> **EXERCISE INSTRUCTIONS**: Go through the data line by line from the top, retyping each exactly, and end with the line that contains "Hormone Replacement Therapy".
(Beginning of DATA EXTRACT)
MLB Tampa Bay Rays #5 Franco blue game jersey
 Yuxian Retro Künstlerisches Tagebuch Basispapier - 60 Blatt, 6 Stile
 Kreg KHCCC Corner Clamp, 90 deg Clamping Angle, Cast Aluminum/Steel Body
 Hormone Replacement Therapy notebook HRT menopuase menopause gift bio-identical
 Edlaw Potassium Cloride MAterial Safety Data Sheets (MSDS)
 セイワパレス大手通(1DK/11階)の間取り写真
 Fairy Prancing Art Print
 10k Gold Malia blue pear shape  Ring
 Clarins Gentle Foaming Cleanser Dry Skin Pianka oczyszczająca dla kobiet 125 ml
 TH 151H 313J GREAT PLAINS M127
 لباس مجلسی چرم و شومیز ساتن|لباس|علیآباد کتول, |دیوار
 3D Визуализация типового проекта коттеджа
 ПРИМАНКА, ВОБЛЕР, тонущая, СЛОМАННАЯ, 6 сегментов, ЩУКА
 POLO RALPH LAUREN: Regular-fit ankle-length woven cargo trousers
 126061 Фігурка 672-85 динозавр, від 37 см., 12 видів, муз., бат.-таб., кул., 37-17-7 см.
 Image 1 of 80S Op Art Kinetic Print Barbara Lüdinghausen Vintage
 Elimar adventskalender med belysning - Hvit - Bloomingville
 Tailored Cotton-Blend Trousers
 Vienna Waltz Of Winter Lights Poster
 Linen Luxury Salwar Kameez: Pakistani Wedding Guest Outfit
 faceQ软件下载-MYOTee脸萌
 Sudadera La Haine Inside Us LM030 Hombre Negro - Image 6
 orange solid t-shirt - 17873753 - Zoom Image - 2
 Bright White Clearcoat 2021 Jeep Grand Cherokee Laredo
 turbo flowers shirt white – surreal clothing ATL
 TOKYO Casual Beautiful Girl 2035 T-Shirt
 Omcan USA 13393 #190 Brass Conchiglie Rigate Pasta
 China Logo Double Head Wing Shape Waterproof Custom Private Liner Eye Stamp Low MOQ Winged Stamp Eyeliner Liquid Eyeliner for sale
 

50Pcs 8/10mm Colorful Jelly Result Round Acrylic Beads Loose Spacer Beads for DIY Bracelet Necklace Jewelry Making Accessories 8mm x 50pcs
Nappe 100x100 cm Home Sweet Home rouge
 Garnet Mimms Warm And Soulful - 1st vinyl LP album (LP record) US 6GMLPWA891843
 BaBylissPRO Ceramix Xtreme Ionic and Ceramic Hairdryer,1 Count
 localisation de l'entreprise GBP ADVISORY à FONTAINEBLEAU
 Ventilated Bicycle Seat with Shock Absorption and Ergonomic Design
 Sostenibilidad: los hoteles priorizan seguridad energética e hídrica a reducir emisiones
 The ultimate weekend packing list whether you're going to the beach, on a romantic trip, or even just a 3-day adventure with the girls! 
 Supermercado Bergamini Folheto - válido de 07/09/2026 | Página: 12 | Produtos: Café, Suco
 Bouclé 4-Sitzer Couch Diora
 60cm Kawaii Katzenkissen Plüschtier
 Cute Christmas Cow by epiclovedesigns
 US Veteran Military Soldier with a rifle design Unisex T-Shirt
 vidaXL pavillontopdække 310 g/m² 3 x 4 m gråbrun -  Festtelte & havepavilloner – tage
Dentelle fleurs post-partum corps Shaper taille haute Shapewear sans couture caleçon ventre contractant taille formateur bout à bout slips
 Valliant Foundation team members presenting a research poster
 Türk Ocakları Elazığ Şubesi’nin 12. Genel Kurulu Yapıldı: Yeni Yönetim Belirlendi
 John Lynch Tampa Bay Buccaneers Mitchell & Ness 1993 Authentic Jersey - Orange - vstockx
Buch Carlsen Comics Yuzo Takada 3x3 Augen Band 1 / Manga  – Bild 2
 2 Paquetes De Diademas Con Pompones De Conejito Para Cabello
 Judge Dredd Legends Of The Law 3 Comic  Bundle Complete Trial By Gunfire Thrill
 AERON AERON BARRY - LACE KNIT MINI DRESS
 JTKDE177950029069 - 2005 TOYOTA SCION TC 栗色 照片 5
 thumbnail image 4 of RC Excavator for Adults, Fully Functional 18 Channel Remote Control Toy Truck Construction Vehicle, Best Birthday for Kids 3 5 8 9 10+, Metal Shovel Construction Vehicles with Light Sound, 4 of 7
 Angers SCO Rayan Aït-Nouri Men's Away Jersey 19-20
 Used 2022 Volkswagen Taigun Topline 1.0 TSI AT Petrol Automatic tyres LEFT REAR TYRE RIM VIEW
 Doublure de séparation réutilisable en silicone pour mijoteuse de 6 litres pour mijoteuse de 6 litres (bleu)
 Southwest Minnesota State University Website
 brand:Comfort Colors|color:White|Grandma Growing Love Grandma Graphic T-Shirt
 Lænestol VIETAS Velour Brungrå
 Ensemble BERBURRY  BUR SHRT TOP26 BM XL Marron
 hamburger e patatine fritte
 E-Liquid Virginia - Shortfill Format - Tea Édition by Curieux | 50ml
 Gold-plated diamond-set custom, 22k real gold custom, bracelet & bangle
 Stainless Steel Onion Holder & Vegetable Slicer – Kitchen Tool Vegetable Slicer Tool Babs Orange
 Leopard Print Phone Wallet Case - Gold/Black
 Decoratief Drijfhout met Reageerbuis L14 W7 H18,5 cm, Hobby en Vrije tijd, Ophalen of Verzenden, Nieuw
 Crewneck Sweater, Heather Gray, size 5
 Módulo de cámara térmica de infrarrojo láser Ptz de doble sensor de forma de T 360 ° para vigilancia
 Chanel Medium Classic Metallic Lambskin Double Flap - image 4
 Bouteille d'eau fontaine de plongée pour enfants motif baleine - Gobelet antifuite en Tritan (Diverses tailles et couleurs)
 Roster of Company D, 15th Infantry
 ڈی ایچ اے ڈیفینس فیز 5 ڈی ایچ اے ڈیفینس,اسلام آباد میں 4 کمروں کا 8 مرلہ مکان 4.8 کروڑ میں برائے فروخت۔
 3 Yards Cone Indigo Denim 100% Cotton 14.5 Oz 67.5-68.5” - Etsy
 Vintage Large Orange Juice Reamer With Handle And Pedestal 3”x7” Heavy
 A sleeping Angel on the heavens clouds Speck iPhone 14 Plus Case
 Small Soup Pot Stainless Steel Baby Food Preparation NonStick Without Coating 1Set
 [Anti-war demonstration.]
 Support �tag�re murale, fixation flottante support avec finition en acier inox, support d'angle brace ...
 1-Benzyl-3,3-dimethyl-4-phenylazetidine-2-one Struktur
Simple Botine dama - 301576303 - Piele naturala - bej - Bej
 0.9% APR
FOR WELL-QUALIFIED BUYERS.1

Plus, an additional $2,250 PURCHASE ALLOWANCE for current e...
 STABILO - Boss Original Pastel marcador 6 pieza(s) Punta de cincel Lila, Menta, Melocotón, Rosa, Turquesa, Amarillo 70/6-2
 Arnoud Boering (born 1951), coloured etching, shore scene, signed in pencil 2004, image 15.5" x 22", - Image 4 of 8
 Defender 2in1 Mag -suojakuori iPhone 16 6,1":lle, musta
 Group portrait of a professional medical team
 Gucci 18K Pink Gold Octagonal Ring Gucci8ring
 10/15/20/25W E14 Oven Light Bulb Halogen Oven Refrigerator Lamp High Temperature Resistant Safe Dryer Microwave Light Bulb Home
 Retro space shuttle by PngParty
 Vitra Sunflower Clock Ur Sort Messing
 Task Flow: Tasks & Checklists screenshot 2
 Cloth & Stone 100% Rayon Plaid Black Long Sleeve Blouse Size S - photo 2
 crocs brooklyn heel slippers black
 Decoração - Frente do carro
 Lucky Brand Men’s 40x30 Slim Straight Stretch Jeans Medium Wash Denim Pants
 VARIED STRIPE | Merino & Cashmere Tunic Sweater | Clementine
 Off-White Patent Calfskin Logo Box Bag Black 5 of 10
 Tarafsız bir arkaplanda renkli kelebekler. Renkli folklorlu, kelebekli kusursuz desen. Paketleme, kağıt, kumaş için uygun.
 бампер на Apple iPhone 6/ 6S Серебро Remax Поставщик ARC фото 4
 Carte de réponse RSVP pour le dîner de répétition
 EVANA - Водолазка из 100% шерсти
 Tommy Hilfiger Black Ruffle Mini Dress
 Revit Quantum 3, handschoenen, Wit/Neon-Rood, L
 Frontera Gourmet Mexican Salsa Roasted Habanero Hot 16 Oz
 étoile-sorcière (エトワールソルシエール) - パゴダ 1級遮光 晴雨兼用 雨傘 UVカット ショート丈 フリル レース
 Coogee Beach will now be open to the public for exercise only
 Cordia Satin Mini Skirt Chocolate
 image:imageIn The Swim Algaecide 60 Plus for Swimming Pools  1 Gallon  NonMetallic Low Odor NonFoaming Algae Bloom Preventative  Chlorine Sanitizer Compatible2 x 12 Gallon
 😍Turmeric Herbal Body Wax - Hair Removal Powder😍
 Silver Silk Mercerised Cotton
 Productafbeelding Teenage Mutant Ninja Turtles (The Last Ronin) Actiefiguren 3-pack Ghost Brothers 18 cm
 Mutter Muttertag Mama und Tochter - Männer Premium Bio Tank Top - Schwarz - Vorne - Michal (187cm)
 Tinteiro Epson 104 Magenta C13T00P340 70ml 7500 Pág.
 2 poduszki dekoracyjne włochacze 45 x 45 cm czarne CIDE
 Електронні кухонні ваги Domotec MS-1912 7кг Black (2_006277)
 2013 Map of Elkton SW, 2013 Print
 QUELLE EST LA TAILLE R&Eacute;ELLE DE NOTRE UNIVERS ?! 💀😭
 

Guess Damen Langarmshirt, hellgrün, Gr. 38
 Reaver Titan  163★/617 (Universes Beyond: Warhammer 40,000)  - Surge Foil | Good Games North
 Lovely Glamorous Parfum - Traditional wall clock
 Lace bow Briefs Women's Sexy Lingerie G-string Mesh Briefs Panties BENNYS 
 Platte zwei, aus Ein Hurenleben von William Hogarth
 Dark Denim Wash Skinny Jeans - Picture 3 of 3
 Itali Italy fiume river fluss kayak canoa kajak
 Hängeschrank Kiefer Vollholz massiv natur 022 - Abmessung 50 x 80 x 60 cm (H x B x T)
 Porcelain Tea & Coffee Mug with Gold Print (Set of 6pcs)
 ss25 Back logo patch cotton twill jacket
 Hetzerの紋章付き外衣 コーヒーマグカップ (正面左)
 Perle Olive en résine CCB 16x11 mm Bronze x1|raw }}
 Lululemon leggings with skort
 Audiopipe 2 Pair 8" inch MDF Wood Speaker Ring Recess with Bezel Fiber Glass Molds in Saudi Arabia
(End of DATA EXTRACT)
> **SOLUTION TO THE PROBLEM**:
MLB Tampa Bay Rays #5 Franco blue game jersey
 Yuxian Retro Künstlerisches Tagebuch Basispapier - 60 Blatt, 6 Stile
 Kreg KHCCC Corner Clamp, 90 deg Clamping Angle, Cast Aluminum/Steel Body
 Hormone Replacement Therapy notebook HRT menopuase menopause gift bio-identical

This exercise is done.